Situation de faiblesse
Fondamentalement, l’emprise est une main basse sur l’esprit. Médusé, le prisonnier devient dépendant de son geôlier, pouvant en venir à croire qu’il lui doit la vie ou que la vie est impossible sans lui. La plupart des emprises sont invisibles, au moins pendant un temps assez long. L’influence qui enferme l’autre est mise en place très progressivement, de façon insidieuse. Elle est d’autant plus facile à exercer qu’elle concerne des personnes imaginairement considérées comme « inférieures » (les prétendus « subalternes » dans le travail ou la société) ou réellement en situation de faiblesse : enfants ou vieillards. Aussi, la famille est, très souvent, le premier lieu de l’emprise. L’enfant est dépendant de ses parents pour subsister, mais de façon plus subtile aussi, pour entrer dans le monde, s’y conduire et le comprendre. Il va très facilement « croire » tout ce qu’affirment ses parents : sur eux-mêmes, sur les autres, sur lui, sur la vie, sur le monde, sur l’amour, etc. Tous les discours et les dires prononcés par ses parents vont constituer la toile de fond de son existence psychique, son référentiel, c’est-à-dire l’ensemble de croyances, de valeurs et de critères dont il va se servir pour naviguer dans son parcours humain avec les autres. Si les intentions (conscientes ou inconscientes) des parents sont respectueuses de la liberté de l’enfant, il s’épanouira dans un climat symbolique favorable à son autonomie et à son indépendance ; sinon, il s’inscrira d’une façon qui lui est particulière dans un schéma de subordination à autrui et surtout aux figures d’autorité, qui marquera toutes ses relations à venir, surtout celles plus ou moins teintées d’affectivité, qui sont les relations plus impliquantes pour tout être humain.
Fragilités
S’il est tellement difficile de se dégager d’une relation toxique, c’est que « l’emprisonneur » se débrouille pour faire croire à sa victime qu’elle ne pourra pas s’en sortir sans lui, ou même qu’elle ne pourra pas vivre sans lui.
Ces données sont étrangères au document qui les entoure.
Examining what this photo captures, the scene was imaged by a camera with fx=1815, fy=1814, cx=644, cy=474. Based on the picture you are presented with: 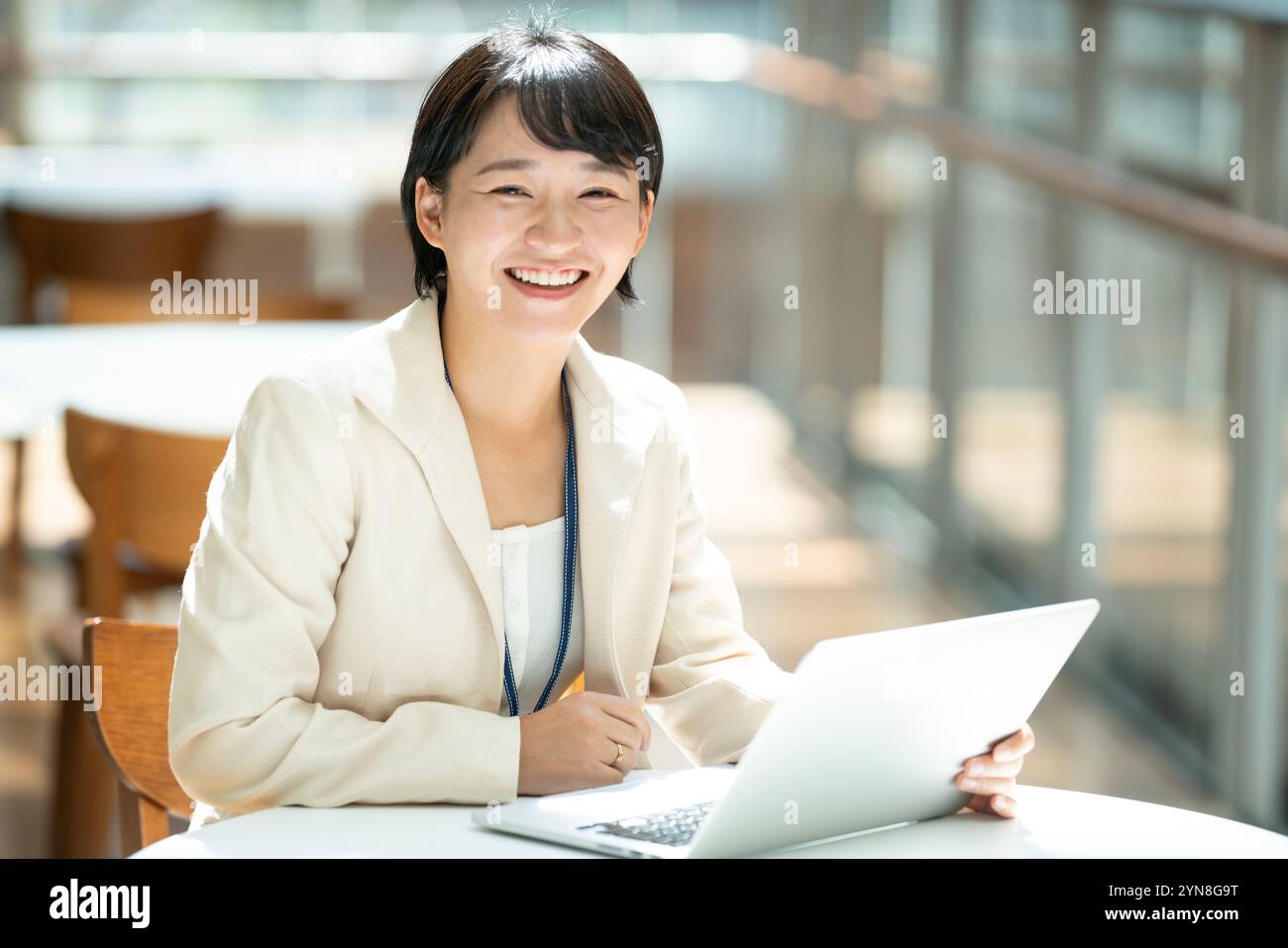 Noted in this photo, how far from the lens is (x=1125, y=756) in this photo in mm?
3656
Aussi l’emprise a-t-elle très souvent des liens avec nos fragilités face à la dépendance. Ainsi, vivre suppose d’accepter les risques de la solitude, du manque et de la finitude.
Nous ne pouvons aimer réellement que si nous acceptons de sortir des jeux d’emprise et des enjeux de pouvoir. Alors il devient possible de vivre libre.
L’emprise n’est pas une fatalité. Il est possible d’en sortir, quelle que soit sa forme, quel que soit le temps qu’elle dure. Tout peut prendre fin, même l’aliénation la plus installée. Par ailleurs, les témoignages montrent que, si beaucoup de personnes font l’expérience pénible de l’emprise, elle peut aussi être l’occasion d’une meilleure connaissance de soi, d’une plus grande affirmation et d’une progression vers plus de liberté. Propos recueillis par Émilie Pourbaix
Saverio Tomasella. Psychanalyste, membre de l’association européenne Nicolas Abraham et Maria Torok.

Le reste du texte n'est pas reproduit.